Another idea is to skip indirect even with s/g as number of outstanding
entries is small. The difficulty with this approach is that it has
to be tested across a large number of configurations, including
storage to make sure we don't cause regressions, unless we
are very conservative and only make a small % of entries direct.

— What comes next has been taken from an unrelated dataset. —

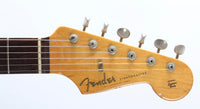 2001 Fender Stratocaster American Vintage '62 Reissue Thin Lacquer Yamano sunburst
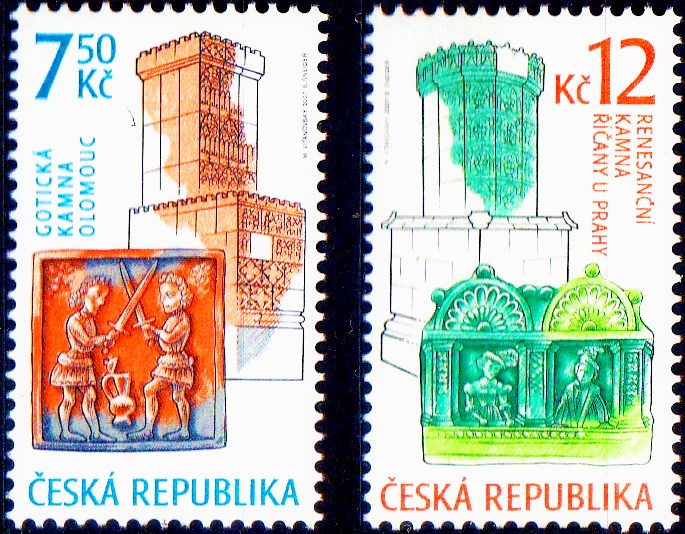 Umělecká řemesla - Historická kamna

Will doing that still help? It looks attractive on paper:
if guest starts outpacing host and ring begins to fill
up to more than say 10% then we switch to allocating indirect
entries which slows guest down.



> >
> > > In the case of extremely fast package delivery, the overhead cannot be
> > > ignored:
> > >
> > >   27.46%  [kernel]  [k] virtqueue_add
> > >   16.66%  [kernel]  [k] detach_buf_split
> > >   16.51%  [kernel]  [k] virtnet_xsk_xmit
> > >   14.04%  [kernel]  [k] virtqueue_add_outbuf
> > >    5.18%  [kernel]  [k] __kmalloc
> > >    4.08%  [kernel]  [k] kfree
> > >    2.80%  [kernel]  [k] virtqueue_get_buf_ctx
> > >    2.22%  [kernel]  [k] xsk_tx_peek_desc
> > >    2.08%  [kernel]  [k] memset_erms
> > >    0.83%  [kernel]  [k] virtqueue_kick_prepare
> > >    0.76%  [kernel]  [k] virtnet_xsk_run
> > >    0.62%  [kernel]  [k] __free_old_xmit_ptr
> > >    0.60%  [kernel]  [k] vring_map_one_sg
> > >    0.53%  [kernel]  [k] native_apic_mem_write
> > >    0.46%  [kernel]  [k] sg_next
> > >    0.43%  [kernel]  [k] sg_init_table
> > >    0.41%  [kernel]  [k] kmalloc_slab
> > >
> > > This patch adds a cache function to virtio to cache these allocated indirect
> > > desc instead of constantly allocating and releasing desc.
> > >
> > > v3:
> > >   pre-allocate per buffer indirect descriptors array
> > >
> > > v2:
> > >   use struct list_head to cache the desc
> > >
> > > *** BLURB HERE ***
> > >
> > > Xuan Zhuo (3):
> > >   virtio: cache indirect desc for split
> > >   virtio: cache indirect desc for packed
> > >   virtio-net: enable virtio desc cache
> > >
> > >  drivers/net/virtio_net.c     |  11 +++
> > >  drivers/virtio/virtio.c      |   6 ++
> > >  drivers/virtio/virtio_ring.c | 131 ++++++++++++++++++++++++++++++-----
> > >  include/linux/virtio.h       |  14 ++++
> > >  4 files changed, 145 insertions(+), 17 deletions(-)
> > >
> > > --
> > > 2.31.0
> >